Pakistan-backed Kashmiri separatists based in the UK organized a virtual conference which was mostly attended by anti-India Labour politicians.
The online seminar was organized by the Jammu and Kashmir Self Determination Movement International (JKSDMI), led by Chairman Raja Najabat Hussain.
Among the speakers, was Debbie Abrahams, who is a member or Parliament from Oldham East and Saddleworth constituency. She shares a close rapport with the Pakistan-backed Raja Najabat Hussain.
Her Indian visa was rejected by the Indian authorities in February this year. Abrahams chairs a UK parliamentary group focused on Kashmir, and has been a critic of the Narendra Modi government’s move to scrap Article 370 that granted special status to the erstwhile state of Jammu and Kashmir.

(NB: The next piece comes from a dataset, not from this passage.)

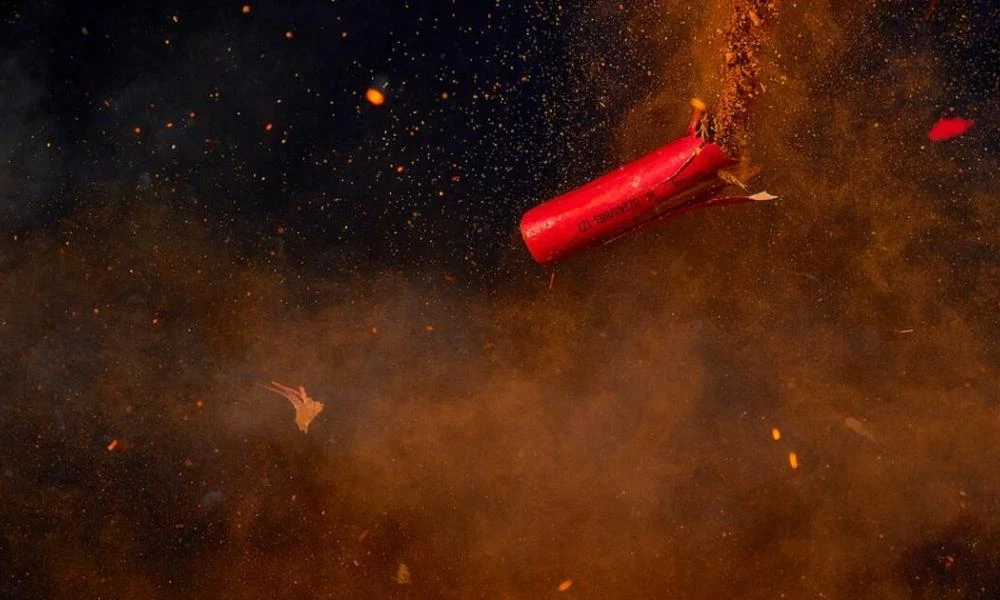Σύλληψη άνδρα με δεκάδες χιλιάδες κροτίδες – Εντοπίστηκαν σε 3 αποθήκες στην Αττική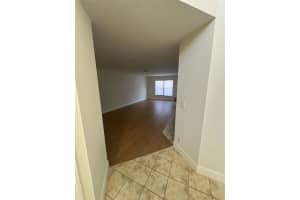 5038 NW Coventry Cir, Port Saint Lucie, FL 34986 Sold 01/04/26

Debbie’s profile raised a red flag in India, as authorities had reasons to believe that she has links with individuals and outfits working for Pakistan’s spy agency, ISI, to run anti-India propaganda. Following her deportation from New Delhi, she visited Pakistan, where she was treated like a state guest.
Fawad Hussain Chaudhary, Pakistan’s Science and Technology minister, was one of the speakers in attendance too. The speakers present in the conference included twenty Labour Party politicians and Members of Parliament, however, only six Conservative politicians were invited to the conference.
The Labour Party politicians who attended the conference included Yasmin Qureshi, Pakistan born Labour MP for Bolton South East, Afzal Khan, Pakistan-born MP for Manchester Gorton, and Tanmanjeet Singh Dhesi, Britain’s first Sikh MP.
Dhesi has always maintained a pro-Pakistani stance on Kashmir, even as his community members have been victims of Pakistan’s cross-border terrorism.
During the December 2019 elections, the Labour Party received unconditional support from Jammu Kashmir Liberation Front (JKLF) UK. JKLF, a terror group banned in India, was one of the first groups that launched Pakistan-backed terrorism in Kashmir in late 1980s, targeting ethnic minority of Kashmiri Pandits and other civilians.
In September 2019, Labour Party passed an emergency motion on Kashmir calling for party leader Jeremy Corbyn to seek international observers to ‘enter’ the region and demanded the right of self-determination for its people.
Following this, British-Indian bodies accused Corbyn of bringing an India-Pakistan bilateral affair into the domestic politics of the UK by adopting a ‘divisive’ emergency motion that calls for international intervention in the region. But there has been a change in Labour’s stance now.
The Labour Party leader Sir Keir Starmer has repositioned his party’s line on the issue of Kashmir after his meeting with the executive team of Labour Friends of India (LFIN) earlier in May 2020.
Starmer said, “We must not allow issues of the sub-continent to divide communities here. Any constitutional issues in India are a matter for the Indian Parliament, and Kashmir is a bilateral issue for India and Pakistan to resolve peacefully,” altering the position taken by his predecessor, Jeremy Corbyn.